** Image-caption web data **
━━━━

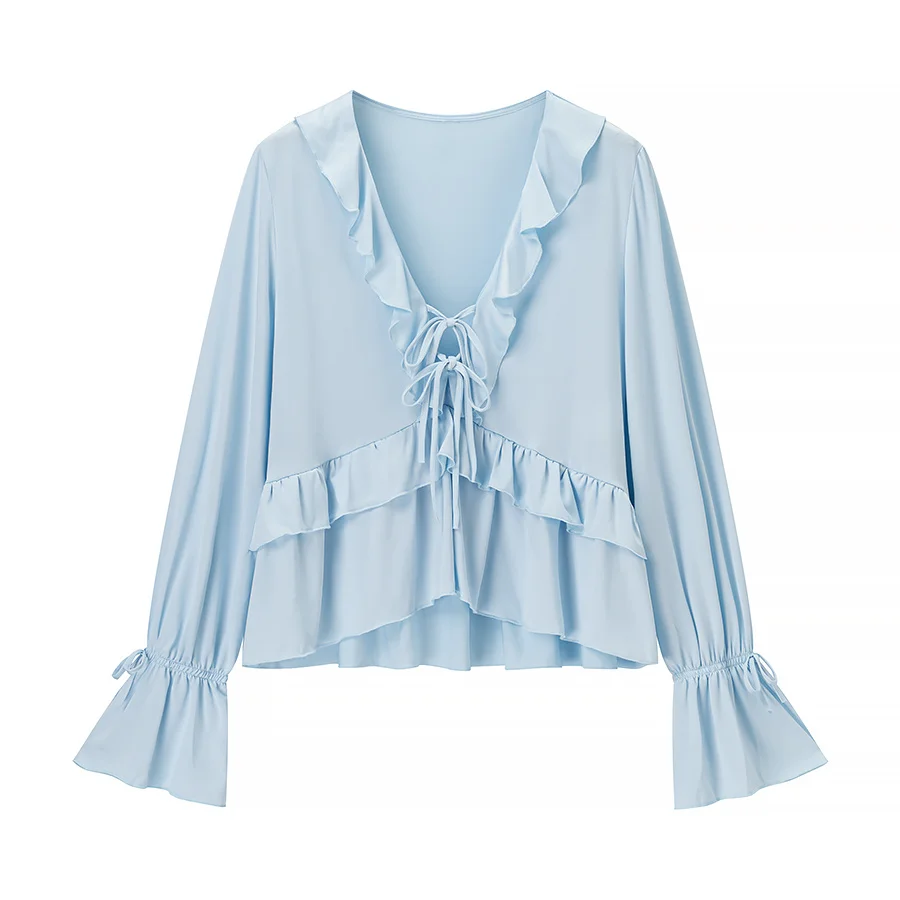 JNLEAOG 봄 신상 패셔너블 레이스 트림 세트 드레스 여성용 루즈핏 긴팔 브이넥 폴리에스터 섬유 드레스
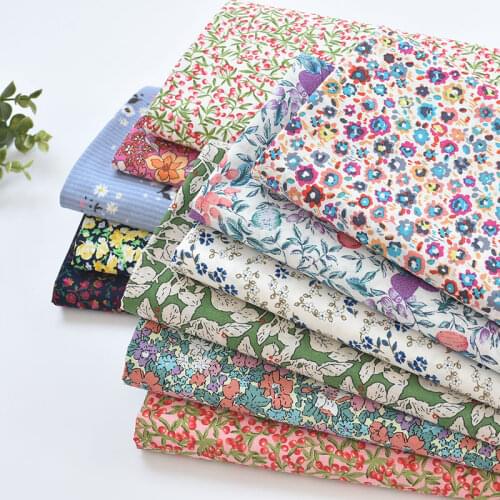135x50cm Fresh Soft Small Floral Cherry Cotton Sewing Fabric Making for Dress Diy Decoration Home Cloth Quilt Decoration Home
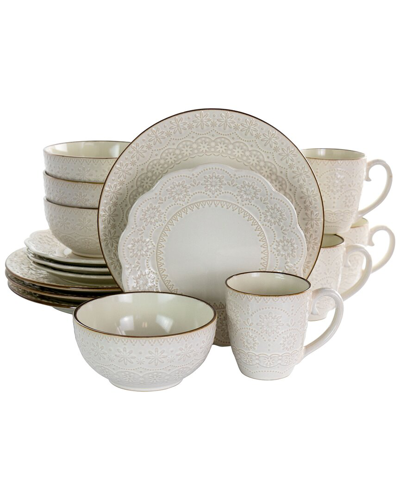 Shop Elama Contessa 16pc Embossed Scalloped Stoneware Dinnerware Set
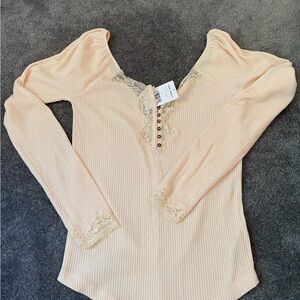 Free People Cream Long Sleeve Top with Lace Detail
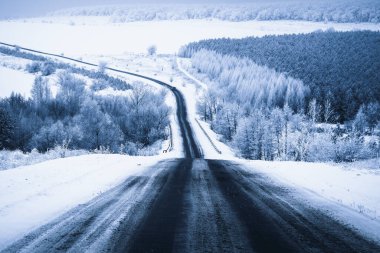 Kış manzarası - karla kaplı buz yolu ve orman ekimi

━━━━

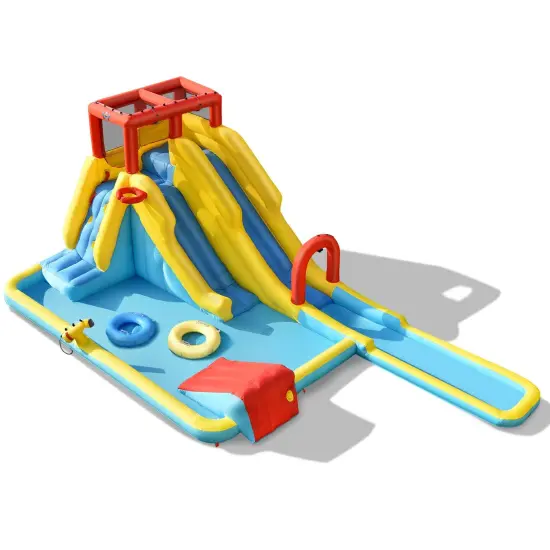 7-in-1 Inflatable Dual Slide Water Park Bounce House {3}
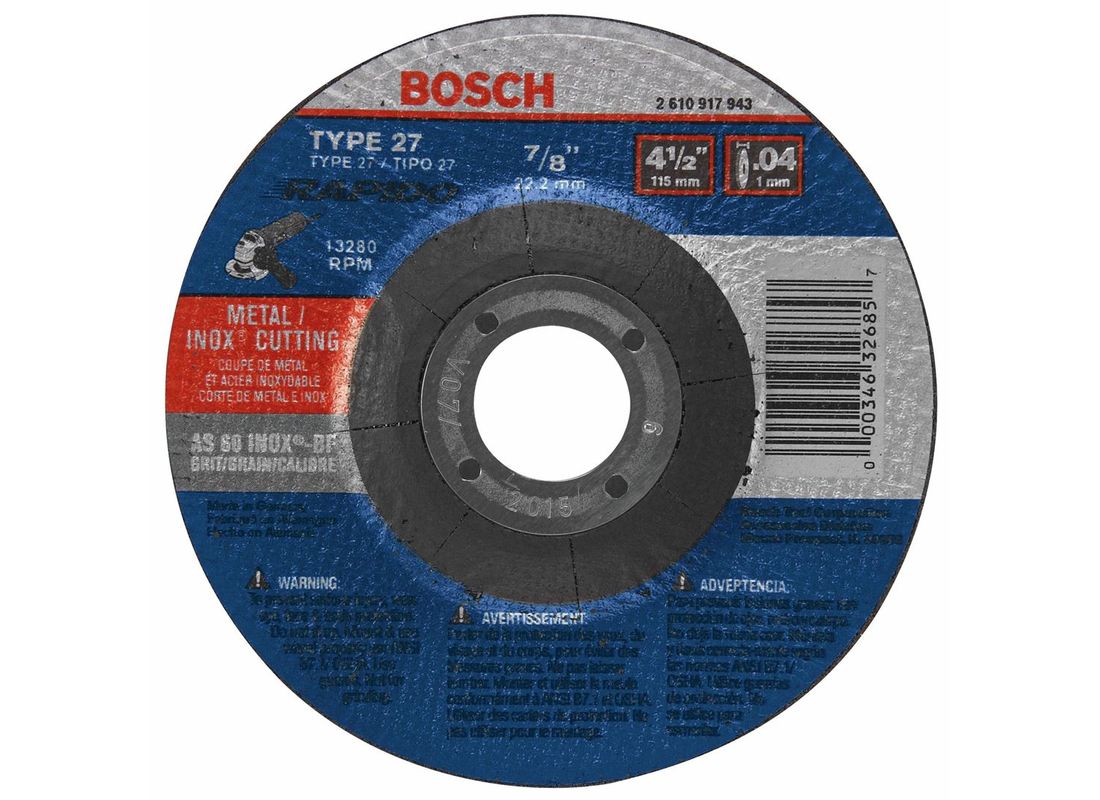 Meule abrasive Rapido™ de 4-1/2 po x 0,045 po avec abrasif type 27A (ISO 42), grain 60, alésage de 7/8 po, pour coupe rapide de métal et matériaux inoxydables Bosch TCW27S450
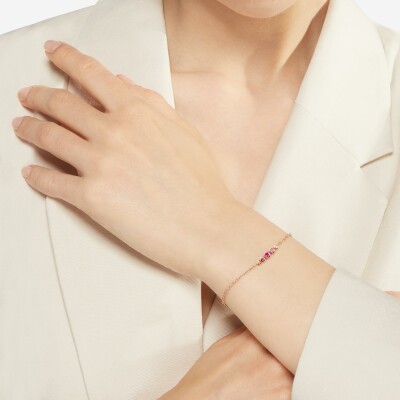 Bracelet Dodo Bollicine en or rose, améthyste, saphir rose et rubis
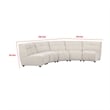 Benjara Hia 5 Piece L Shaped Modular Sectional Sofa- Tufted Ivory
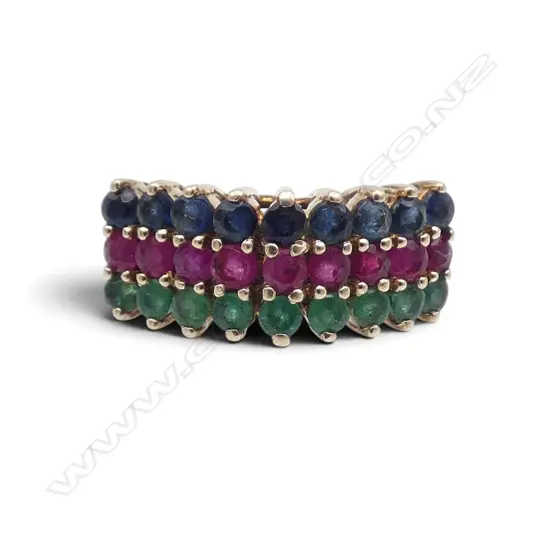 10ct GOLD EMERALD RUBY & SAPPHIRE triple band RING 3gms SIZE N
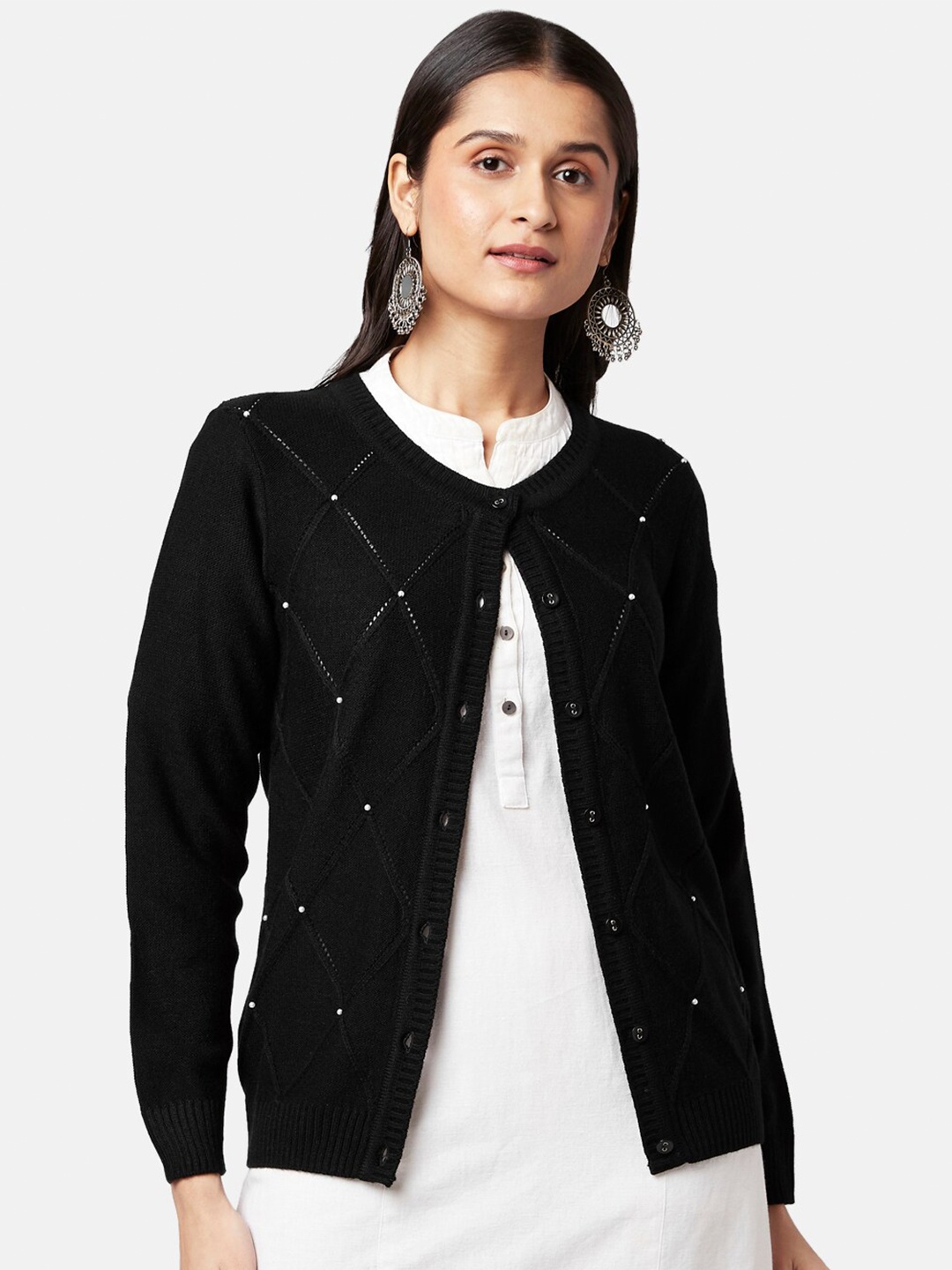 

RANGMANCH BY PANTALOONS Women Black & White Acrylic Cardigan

━━━━

** TASK STATEMENT **
What you need to produce is an exact copy of the entries above, limited to the lines from the one with "10ct GOLD EMERALD" up to and including the one with "RANGMANCH BY PANTALOONS", without pictures.

** TASK RESULT **
 10ct GOLD EMERALD RUBY & SAPPHIRE triple band RING 3gms SIZE N

RANGMANCH BY PANTALOONS Women Black & White Acrylic Cardigan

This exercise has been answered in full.